Pain management strategies that are aimed at reducing inflammation may be useful for acute cases of iliopsoas bursitis. Rest can be important in the acute phase of bursitis, and some people find that simply avoiding aggravating activities, such as running or climbing stairs, may be enough to alleviate the problem. Short-term use of NSAIDs is another option to reduce pain and inflammation. Some people may find ice applied to the affected area also helps reduce inflammation. Depending on how long the bursa has been inflamed and how much the problem limits activities, a steroid injection may be necessary for quick relief.
Engage In Physical Therapy
Physical therapy (PT) may be necessary for several months to work on the root cause of iliopsoas bursitis. There are several factors that may contribute to the problem, especially when it is recurrent or chronic. The therapist will likely recommend a stretching program that includes stretches for the hip flexors. Gently stretching the hip flexors can prevent the iliopsoas muscle, which passes over the bursa, from becoming tight and causing friction to the bursa. Over time, the PT program will likely include strengthening exercises in addition to stretching. Strengthening will target the hip rotators, which includes the buttocks and thigh muscles. The strengthening program will include working on both internal and external rotation of the hip. Adding resistance bands to the exercises are helpful for improving strength, if they are well tolerated.

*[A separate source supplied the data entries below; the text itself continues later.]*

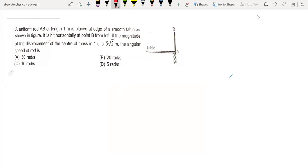Hi all of you, welcome back to my channel. In this lecture we are going to solve question number 19 of JEE Advanced Reading Package 1, objective type. The question is: the uniform rod AB of length 1 meter is placed at the edge of a smooth table as shown in the figure.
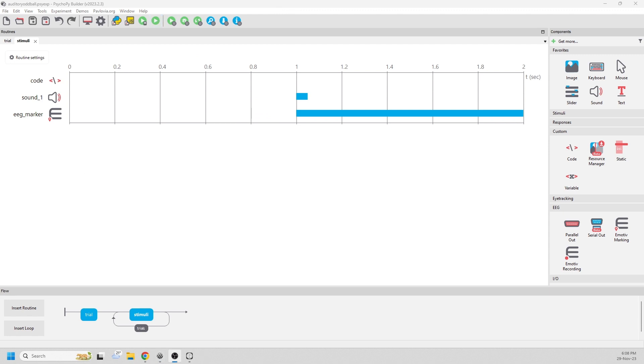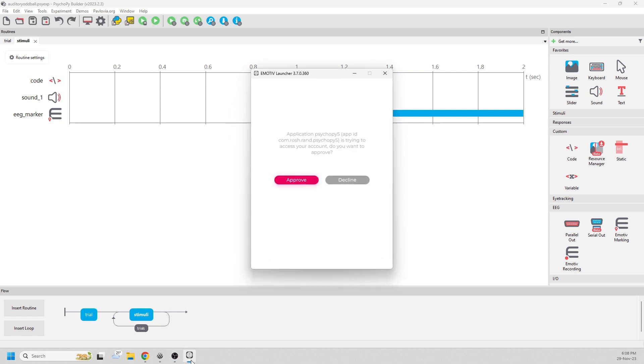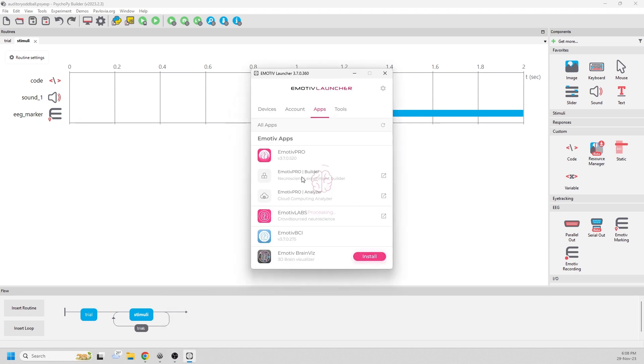The first time you try to run the experiment, it will fail. That's because you have to go into your launcher and approve it to connect the first time. You won't need to do this again for the next experiments.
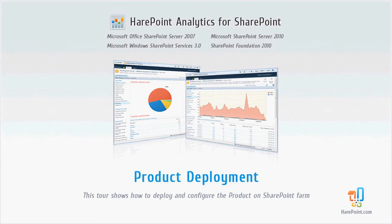Welcome to Video Tour that shows how to deploy SharePoint Analytics for SharePoint. The deployment process is performed identically on Microsoft SharePoint Server 2010 and on SharePoint Foundation 2010.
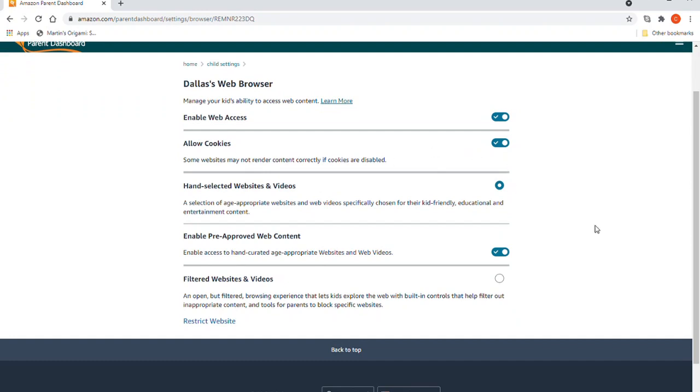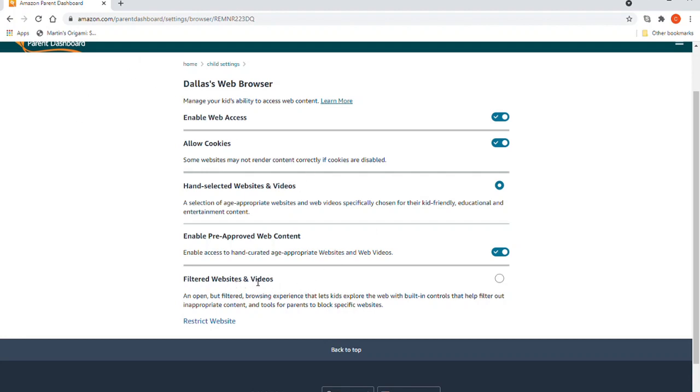Allow cookies - this is interesting because allowing cookies should allow YouTube Kids to remember you and not have to go through the steps I show in my video over and over. But anyway, the one thing they do allow you to do from here is to add filtered websites.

In rare cases, surgery may be necessary to alleviate iliopsoas bursitis that is severe and not alleviated by other treatments or bursitis that keeps recurring. The type of surgery done may depend on the underlying cause. A bursectomy may work well for athletes and other people who are frequently active since this would eliminate the future possibility of developing bursitis. This procedure simply removes the bursa so it cannot be irritated by the surrounding muscle and soft tissue. If the underlying cause involves inflammatory arthritis, removal of the synovial membrane may be enough to ease symptoms and prevent the immune system from attacking the bursa.
Fortunately, most instances of iliopsoas bursitis are temporary and resolve with rest and conservative treatments. When the problem is severe and interferes with activity, surgical intervention can provide long-lasting relief.